Originally Posted by *Grace24* 
What she said was outrageous. I'm 36 and pg with my first. It seemed that before we were TTC, everywhere I looked were articles about how it was SO DANGEROUS and SO MANY WOMEN just had left it too late, and couldn't get pregnant like they thought, and blah blah blah. My mom, feminist from the '70's that she is, thinks it's a plot by men to scare women out of the working world and back into the homes by telling them they have to have babies sooner. Ha!

Last year two of my coworkers who were each 45 had perfectly healthy pregnancies which resulted in two beautiful babies. I've had no complications (knock on wood)... in fact I'm healthier now that I'm "AMA" than I was two years ago before I reached the DREADED 35.

This attitude drives me nuts. I would've been a terrible mother ten years ago! I was a nutcase in an abusive relationship! Now I'm calm, peaceful, settled, and married to a wonderful man. NOW is when I'm going to have babies, and I don't care who has what to say about it!

Find another doctor!

Scuse me, guess I had a little rant all my own!

I am happy to hear that you are pg and doing well but the reality is that a woman's fertility *does* start to decrease starting in her late twenties and even more so after 35 and certainly after 40. That does not mean a woman should not have a baby after 35, but they should have the facts.
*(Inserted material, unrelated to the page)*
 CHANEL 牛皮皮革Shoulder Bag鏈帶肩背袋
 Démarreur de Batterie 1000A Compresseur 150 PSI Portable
We see lots of celebrities having children in their 40s and really it is misleading as a woman has a very small chance of getting and staying pregnant after 40 with her own eggs. Many people are using donor eggs. I bet the women in your office didn't get pregnant with their own eggs. Yes, it is possible but statisitcally, not very likely.


----------



## PiePie (Oct 2, 2006)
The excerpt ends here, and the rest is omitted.